**What the task asks:**
Leave out any pictures and transcribe all other data below exactly.

**Supplied data:**

• • • • • • •

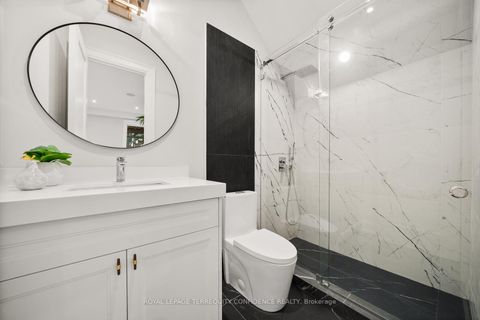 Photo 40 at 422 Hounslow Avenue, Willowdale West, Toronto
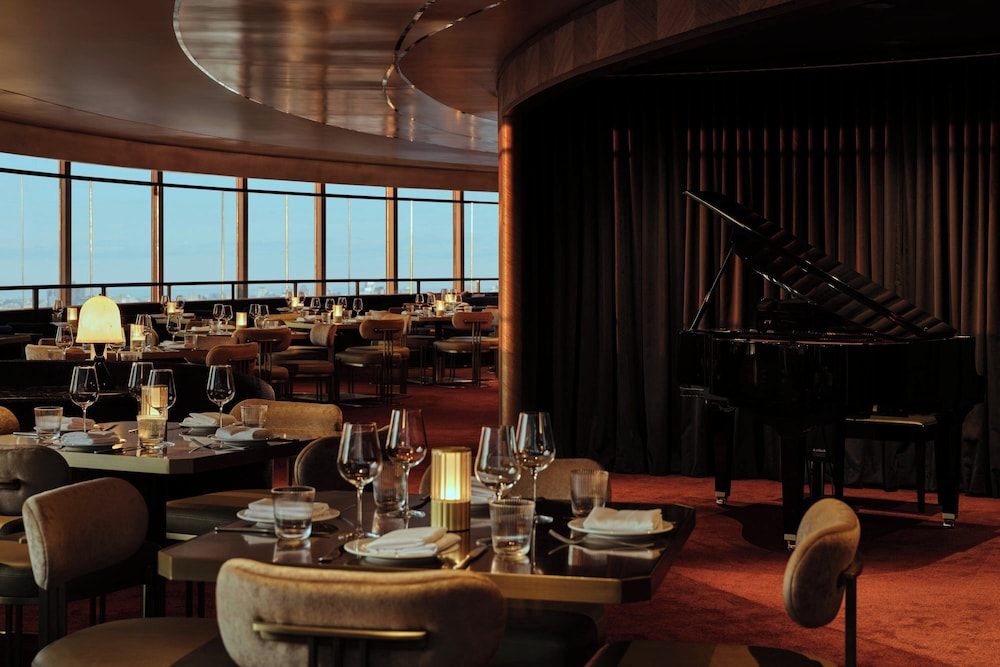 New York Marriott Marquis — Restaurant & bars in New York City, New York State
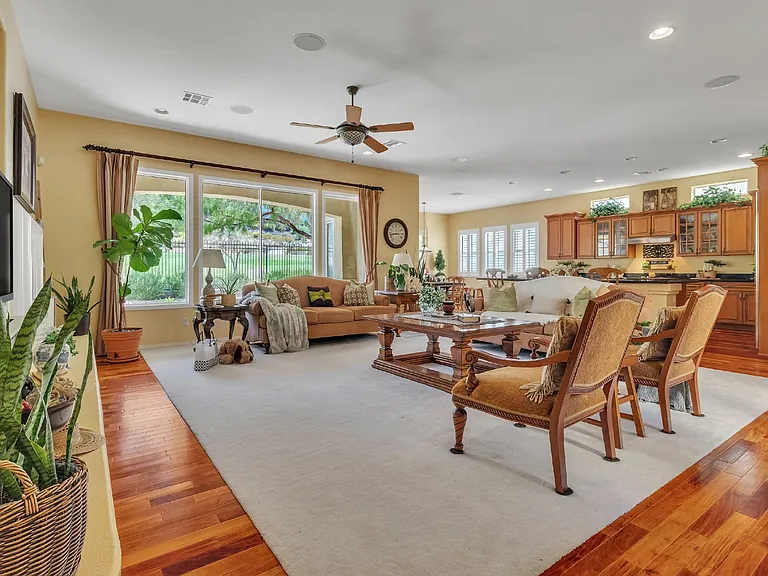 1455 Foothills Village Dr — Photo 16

• • • • • • •

**Final answer:**
 Photo 40 at 422 Hounslow Avenue, Willowdale West, Toronto
 New York Marriott Marquis — Restaurant & bars in New York City, New York State
 1455 Foothills Village Dr — Photo 16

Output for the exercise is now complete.